Research software

Next-generation sequence analysis

StringTie is a fast transcript assembler and abundance estimator for RNA-seq data. StringTie assembles transcripts from the alignments produced by TopHat, including novel isoforms, and quantitates those transcripts.

TieBrush is an efficient method for merging redundant information from multiple alignment files, designed to enable rapid manipulation of extremely large sequencing datasets, such as RNA, whole-genome, exome and other types.

Diamund is a new, efficient algorithm for variant detection that compares DNA sequences directly to one another, without aligning them to the reference genome.

We have also developped a computational screening test that takes the raw DNA sequence data from a whole-genome sequence of an individual human and tests for each of 68 known mutations in the BRCA1 and BRCA2 genes.

Splice site prediction

GeneSplicer is a fast and accurate splice site predictor program. It implements an algorithm that combines decision trees and Markov models to capture the statistical properties surrounding the splice site junction.

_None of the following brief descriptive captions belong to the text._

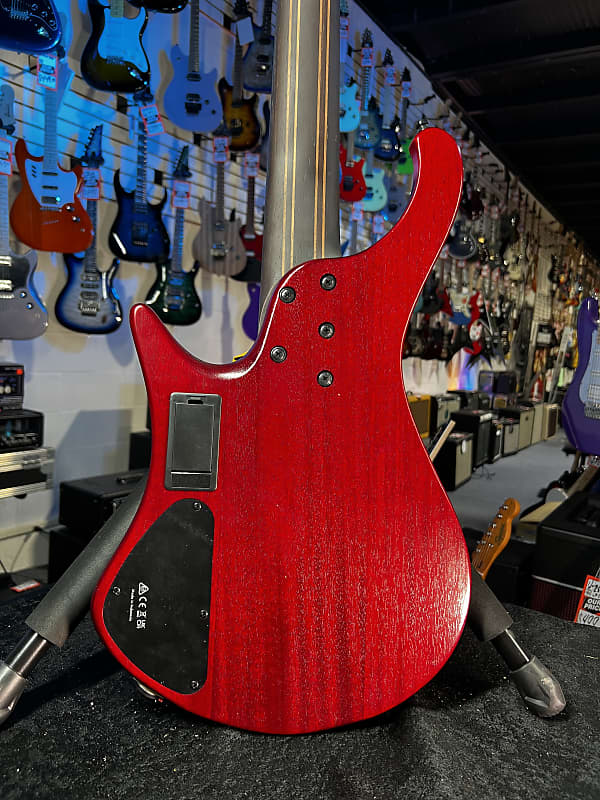 Ibanez EHB Ergonomic Headless 5-string Bass Guitar - Stained Wine Red Low Gloss GET PLEK'D! 911
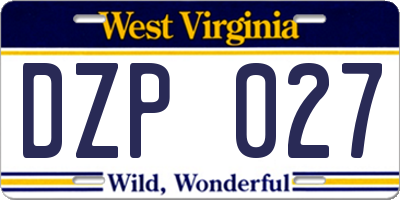 WV license plate DZP027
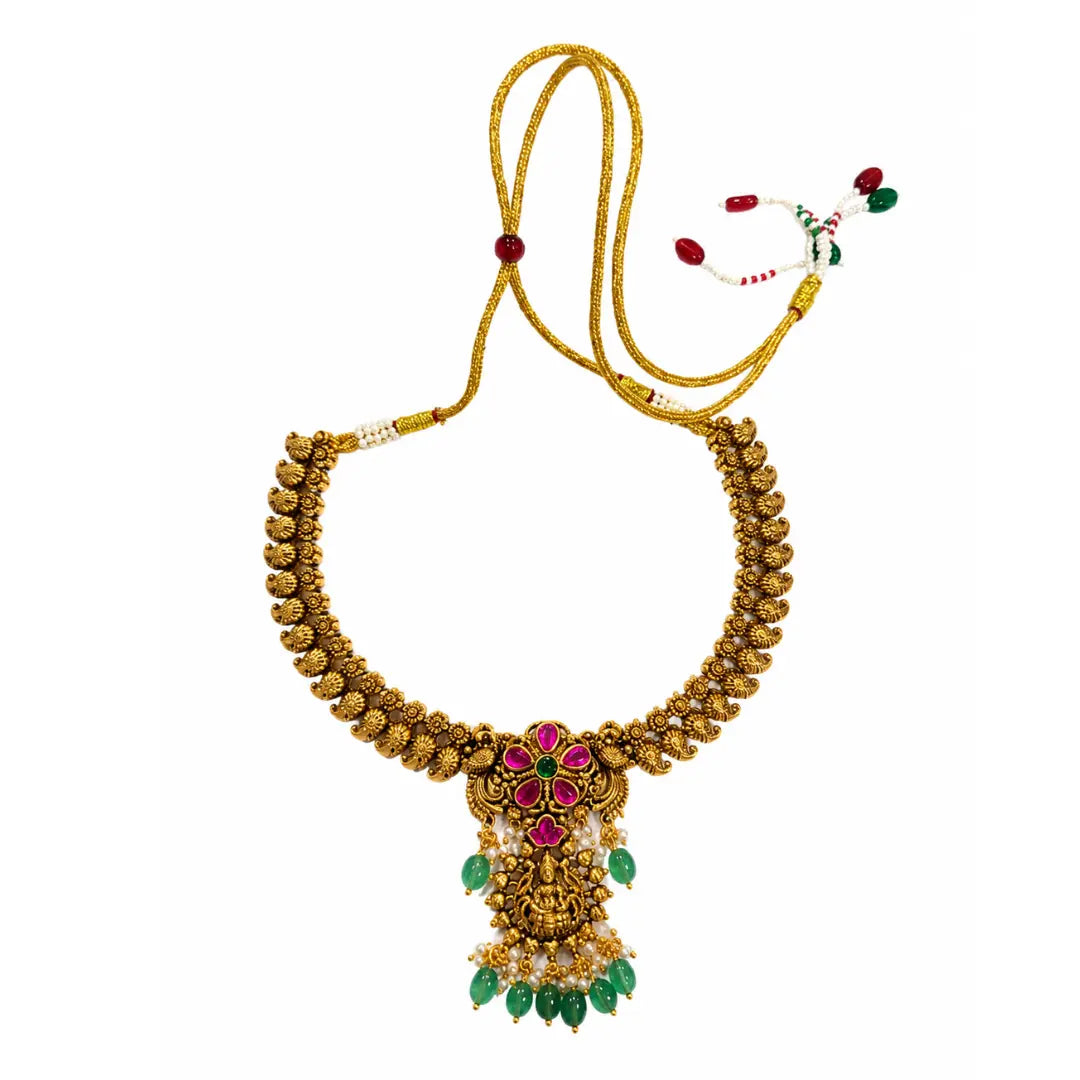  Lakshmi Gundla Kemp Temple Jewellery Short Necklace Set T-75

GeneSplicerESE is a more accurate version of GeneSplicer for the plant Arabidopsis thaliana. In this new improved splice site recognition code we have developed a new computational technique to identify significantly conserved motifs involved in splice site regulation. In collaboration with Steve Mount, we identified putative exonic splicing enhancer hexamers in Arabidopsis thaliana. Then we used the Gibbs sampling program ELPH to locate conserved motifs represented by these hexamers in exonic regions near splice sites in confirmed genes. The integration of these regulatory motifs into GeneSplicer significantly improved the ability of the software to correctly predict splice sites in a large database of confirmed genes.

Gene finding

GlimmerHMM is a Generalized Hidden Markov Model ab initio gene-finder that incorporates GeneSplicer's splice site models, and uses the same Interpolated Markov models (IMMs) as GlimmerM to distinguish coding DNA sequence. Additionaly it incorporates open-source training modules that make GlimmerHMM one of the few gene finders outside the bacterial realm where scientists or engineers other than the inventor could re-train the system and make it work for new species. GlimmerHMM has been trained for recognizing genes in many species, including human.

Motif finding

Motif detection techniques are an essential component in gene finding softwares like GeneSplicer and GlimmerM/GlimmerHMM, but they can also be used to solve other problems in computational biology. ELPH is a general-purpose Gibbs sampler for finding motifs in a set of DNA or protein sequences. The typical problem that ELPH has to solve is equivalent to the discovery of a word that appears at different unknown positions in a large set of sequences.

Operon prediction

Comparison of complete microbial genomes reveals a large number of conserved gene clusters - sets of genes that have the same order in two or more different genomes. Such gene clusters often, but not always represent a co-transcribed unit, or operon. We developed a method to detect and analyze conserved gene pairs - pairs of genes that are located close on the same DNA strand in two or more bacterial genomes, and for each such pair we estimated a probability that the genes belong to the same operon. All operon predictions determined with this algorithm are integrated into the OperonDB database.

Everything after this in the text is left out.